Pour Amit, revenir à Bombay, c'est avant tout combler une envie, celle de retrouver la ville qui l'a vu grandir. Séjourner quelques jours est l'occasion de passer du temps avec son ami d'enfance, Ramu.
Même si les choses ont changé en trente ans - des immeubles ont poussé, des ponts ont surgit et ses parents ont quitté la ville - Amit aime retrouver les lieux de sa jeunesse et dépoussiérer ses souvenirs. Il marche dans ses propres pas et s'offre à découvrir d'un œil nouveau sa ville. Revenir c'est également l'occasion de mettre ses sens en éveil, en dégustant un plat parsi, en flânant à Malabar Hill ou encore à humer les embruns de la Mer d'Arabie.

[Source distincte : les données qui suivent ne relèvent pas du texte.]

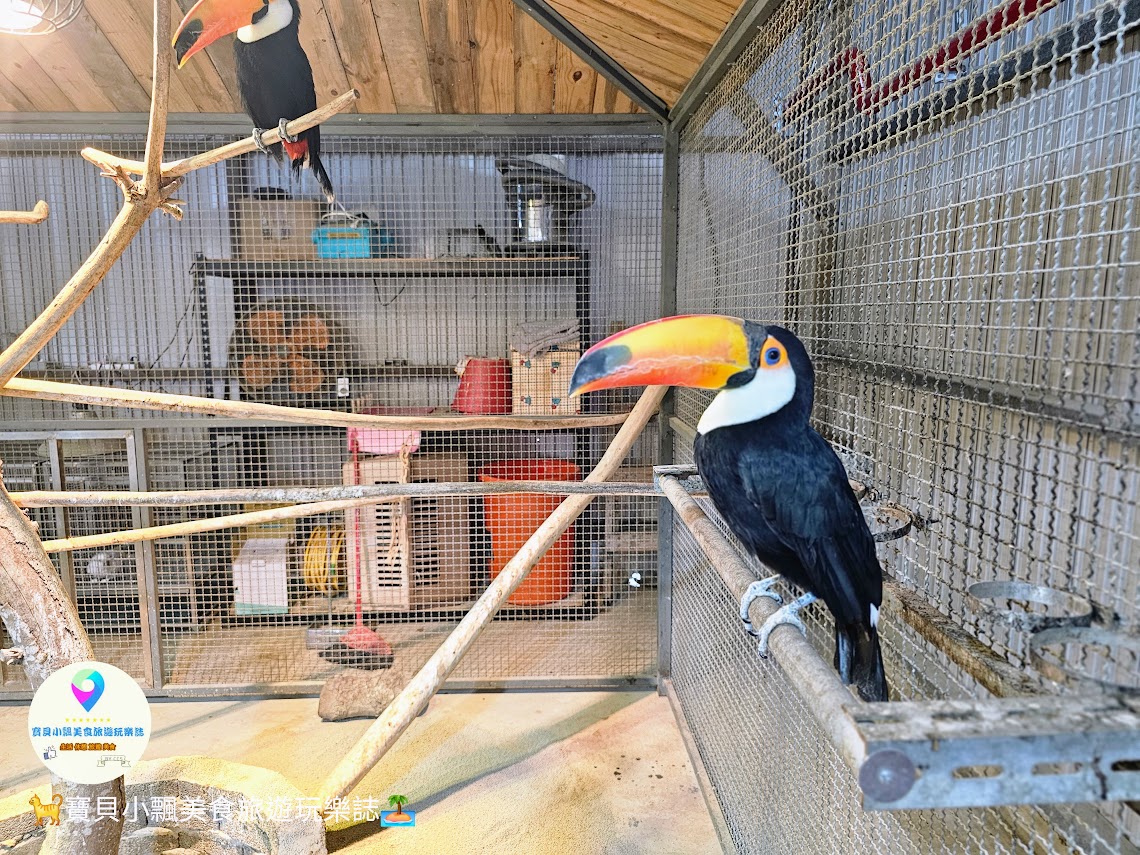 新竹香山廢物媽媽育兒農場親子互動樂園，寓教於樂的教育之旅！~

"Ce livre est un roman. J'en suis absolument sûr. Ce qui fait un roman, c'est que l'auteur et le narrateur ne font pas qu'un. Même si, et par pure coïncidence, ils portent le même nom. Le point de vue, la pensée, les observations du narrateur - ou de la narratrice - émanant pour l'essentiel de la vie du narrateur, lui appartiennent en propre. Certes le narrateur pourrait être la création de l'auteur, mais cela demeure un mystère pour lui - ou elle. Ses remarques et ses actions ne sont jamais simples.
C'est toujours avec un réel plaisir, que l'on retrouve l'écrivain Amit Chaudhuri à travers ses romans et autofictions. "Ami de ma jeunesse" est sa septième parution. Dans cette nouvelle autofiction, le narrateur se confond avec l'auteur, l'écrivain prend le pas sur le lecteur, l'histoire domine l'histoire elle-même et le résultat est parfait.

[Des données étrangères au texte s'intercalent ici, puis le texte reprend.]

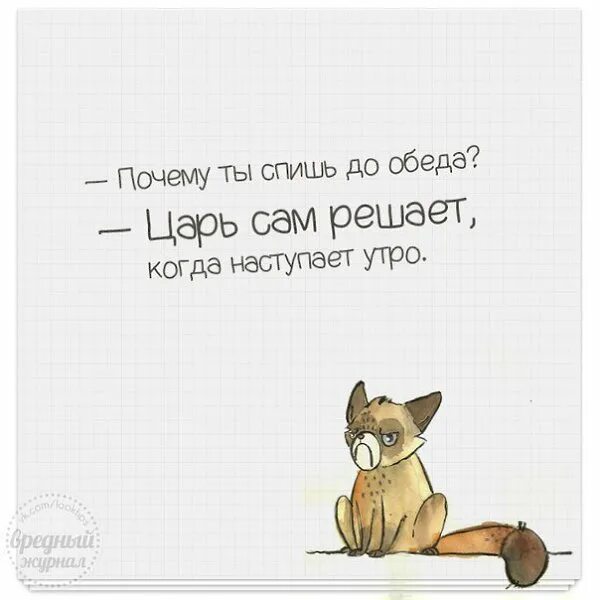 Не спать!. Почему не спится. Смешные переписки в ватсапе до слёз. Почему не спишь. Веселые переписки от людей.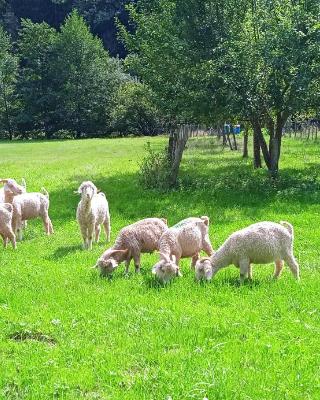 Au mohair des Alpy
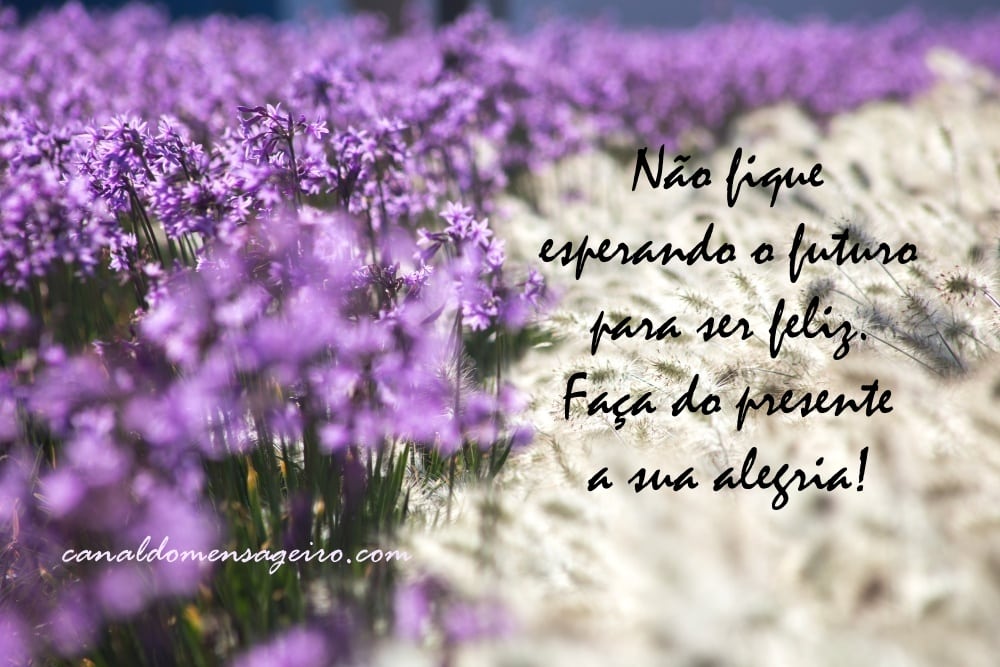faça-do-presente-a-felicidade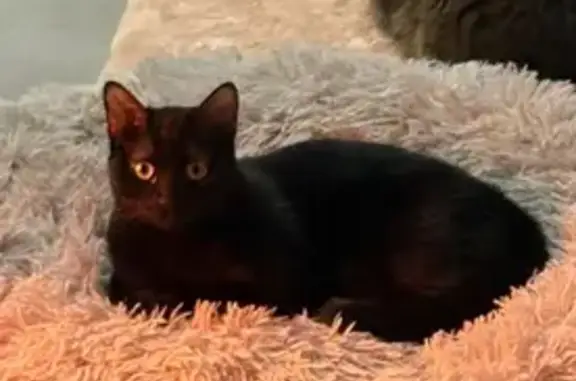 Gato perdido, hembra, Carrer Francisco Tomás y Valiente, Elx, Valencia — negro y muy miedoso - photo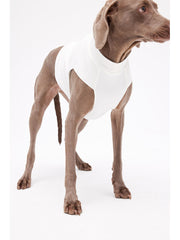 large dog vest xxl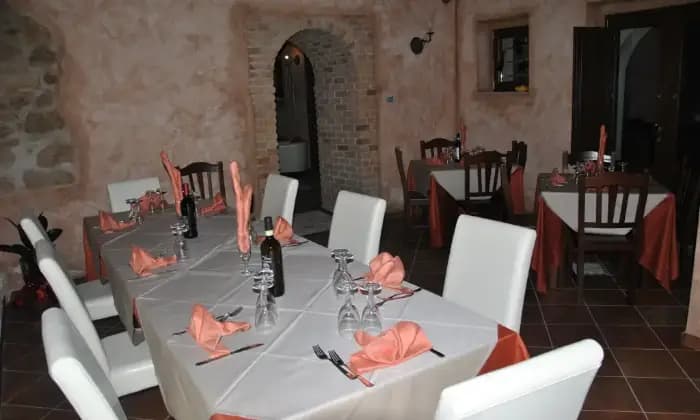 Rexer-Montemarano-Struttura-per-agriturismoristorante-SALONE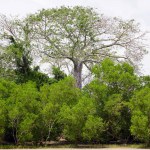 Ancient baobab tree towers over other trees on an island off the coast of northern Tanzania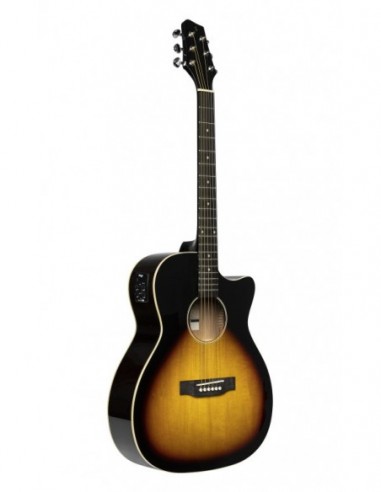 Cutaway acoustic-electric auditorium...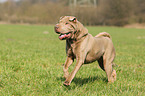 running Shar Pei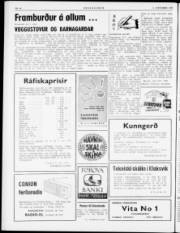 Síða 6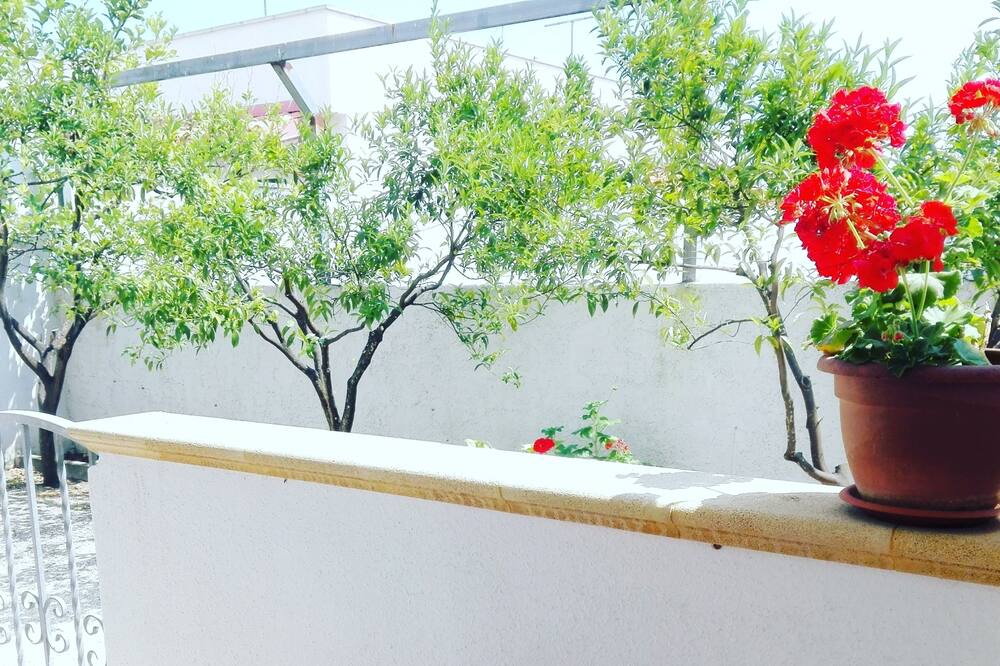 Photo of Patio Balcony in Cocumola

Avec "Ami de ma jeunesse", Amit Chaudhuri transporte son lecteur une nouvelle fois à Bombay et nous fait découvrir sa ville, celle qui l'a vu grandir, celle de ses souvenirs mais également Mumbai - la nouvelle appellation de Bombay depuis 1995 mais dont l'auteur se refuse de la prononcer - cette mégapole mouvante et surpeuplée qui est en constante transformation. Grâce aux descriptions détaillés d'Amit Chaudhuri, les parcs, quartiers, rues et monuments prennent vie dans le roman et le lecteur se retrouve projeter à son tour à Bombay. Pour le lecteur connaissant Bombay, le plaisir est encore plus intense. Mais Bombay garde entre ses griffes certains de ces habitants. Amit Chaudhuri nous donne l'exemple avec l'ami du narrateur, Ramu, qui a passé la majeure partie de sa vie avec une dépendance à la drogue malgré ses séjours en centre de détoxication. Il suffit pour ce dernier de se rendre en certains lieux précis de la ville pour replonger dans cette spirale infernale. D'autres fantômes hantent la ville. L'autofiction "Ami de ma jeunesse" se déroule deux ans après les attentats de Bombay qui ont eu lieu en 2008. Le lecteur perçoit que le narrateur et donc Amit Chaudhuri, revenant la première fois dans la ville après ces tragiques évènements, en sont profondément affectés notamment lorsqu'il se retrouve dans l'hôtel Taj, un lieu marqué de souvenirs de la jeunesse de l'écrivain mais un lieu qui a été très touché par cette vague d'attentats. Outre l'histoire d'un homme revenant dans la ville de sa jeunesse, Amit Chaudhuri, nous permet à travers cet ouvrage de nous mettre à la hauteur d'un auteur et ainsi comprendre ses réflexions, ses sources d'inspirations, le lecteur devient alors le témoin d'une naissance, celle de cette autofiction elle-même.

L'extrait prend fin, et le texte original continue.